Er ist der eine und letzte Richter. Darum sind all die Urteile, die wir über die Verdorbenheit der anderen fällen, buchstäblich Vor-Urteile. Wenn der eine, wahre Richter sein Urteil fällt, so bestätigt das nicht unser Vorurteil, sondern wirft es über den Haufen. „Wer unter euch ohne Sünde ist...“, sagt er. Kurz zuvor hätten alle noch den Finger gehoben: „Ja, ich bin ohne Sünde.“ Aber nachdem der höchste Richter gesprochen hat, bleibt ihnen das im Halse stecken und jeder muss nun einsehen: Ich sitze in Wahrheit mit der Sünderin im selben Boot, und wer weiß, wer mit schuldig war. Kaum einer begeht einen Fehler, ohne dass zuvor andere an ihm schuldig geworden sind. Nur ist die Vorgeschichte meistens verborgen.
Vor der Instanz des letzten Richters kann ich doch keines der zehn Gebote aussprechen, ohne dass es mir vergeht, den Richter zu spielen. Denn keines der Gebote habe ich gehalten.

Martin Luther schreibt: „Mir ist es bisher wegen angeborener Bosheit und Schwachheit unmöglich gewesen den Forderungen Gottes zu genügen. Wenn ich nicht glauben darf, dass Gott mir um Christi willen das täglich beweinte Zurückbleiben vergebe, so wäre es aus mit mir. Ich muss verzweifeln, aber das lass ich bleiben. Wie Judas an den Baum mich hängen, das tue ich nicht. Ich hänge mich an den Hals oder Fuß Christi, wie die Sünderin. Ob ich auch noch schlechter bin als diese, ich halte meinen Herrn fest. Dann spricht er zum Vater: Dieses Anhängsel muss auch durch. Es hat zwar nichts gehalten und alle deine Gebote übertreten. Vater, aber er hängt sich an mich. Was will´s! Ich starb auch für ihn. Lass ihn durchschlupfen! Das soll mein Glaube sein.“

Das ist wahres Christsein, Umkehr und Buße, die immer wieder bei mir selbst anfängt. Und es geht ja nicht nur um private Sünden. Denn ich bin ja auch selber mitbeteiligt an der katastrophalen Umweltverschmutzung, dem verantwortungslosen Umgang an den Ressourcen der Schöpfung, die kommenden Generationen den Lebensraum nimmt, und bin mit dabei bei der Ausplünderung der Armen und Benachteiligten zugunsten unseres Wohlstandes.

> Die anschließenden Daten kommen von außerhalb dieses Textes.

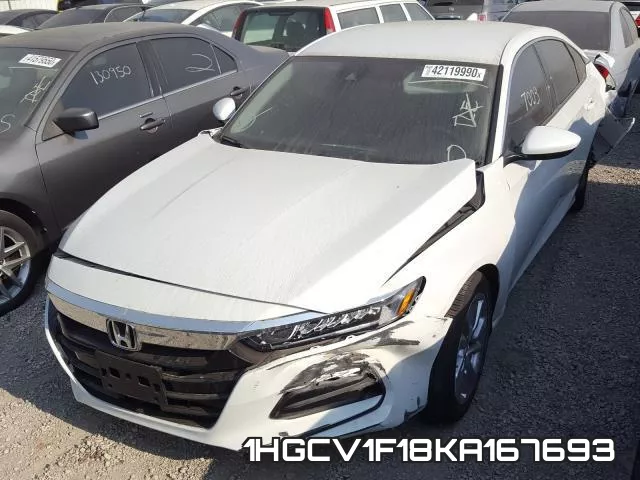 1HGCV1F18KA167693 фото 3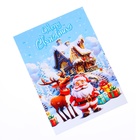 Новогодний Адвент-календарь Baron, сладкие конфеты, 50 г - Фото 5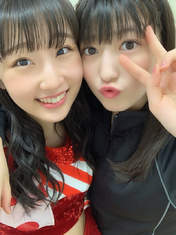 
Danbara Ruru,


Haga Akane,

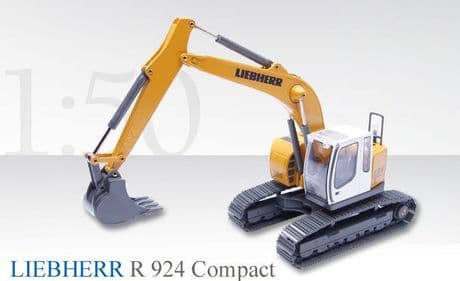 Conrad LIEBHERR R 924 Compact Compact excavator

Nachdem in unserer Geschichte alle weggeschlichen sind, beschämt, dass sie abgesetzt sind als Richter ihres Mitmenschen, dass sie vielmehr selbst Angeklagte sind, da steht zuletzt diese offensichtliche Sünderin allein vor Jesus. Jetzt ist sie seiner Richterhand ausgeliefert. Mit seinem Urteil stehen und fallen wir. Was wird er jetzt mit ihr tun? Das ist doch klar. Er hat es ja eben erklärt: „Wer ohne Sünde ist, der werfe den ersten Stein.“ – und er ist ohne Sünde, bildet sich nicht nur ein, er sei ein Guter. Er ist es!
Wird er jetzt nach einem Stein greifen? Aber nein, er tut es nicht. Dieser höchste Richter ist doch der Retter der Menschen. Er schützt mich vor dem, was ich verdient habe, und spricht: „Ich verurteile dich nicht.“ Selbst wenn alle mich verurteilen, obwohl sie kein Recht dazu haben, er, der einzig das Recht dazu hat, er tut es nicht. Sein Urteil lautet auf Freispruch.

Das tut er nicht, weil er die Sünde verharmlost; sondern er vergibt sie – das ist etwas anderes. Er nimmt sie nicht auf die leichte Schulter; das tun wir wohl gern. Er aber nimmt sie auf seine Schulter und trägt schwer daran. Das ist ein Richter. Der das Urteil fällt und dann die Strafe selbst übernimmt, für mich, für uns, für jeden.

Er tut das, damit wir durch ihn freigesprochen werden können – so, wie er es zur Sünderin sagt: „Dich verurteile ich nicht“. Er entrüstet sich nicht über diese Sünderin und auch nicht über uns Sünder. Er erbarmt sich. Er stößt sie nicht in den Abgrund. Er stellt sie auf ihre Beine und an einen neuen Anfang.
So hat er es an dieser nicht gut lebenden Frau getan: „Gehe hin und sündige hinfort nicht mehr.“ Wie soll das gehen? Nicht nur ein bisschen, sondern gar nicht mehr sündigen! Haben wir es nicht aus dieser Geschichte gelernt, dass wir alle Sünder sind? Ja gewiss. Aber er spricht uns davon frei, so dass die Sünde nicht mehr über uns herrscht. Er ist von nun an unser Herr und wir werden lernen, besser zu leben, mehr seinem Wort zu folgen, das verbietet zu urteilen, sondern liebevoll und mit Augen, die tiefer sehen, dem Leben zu dienen, dem Glauben und der Hoffnung.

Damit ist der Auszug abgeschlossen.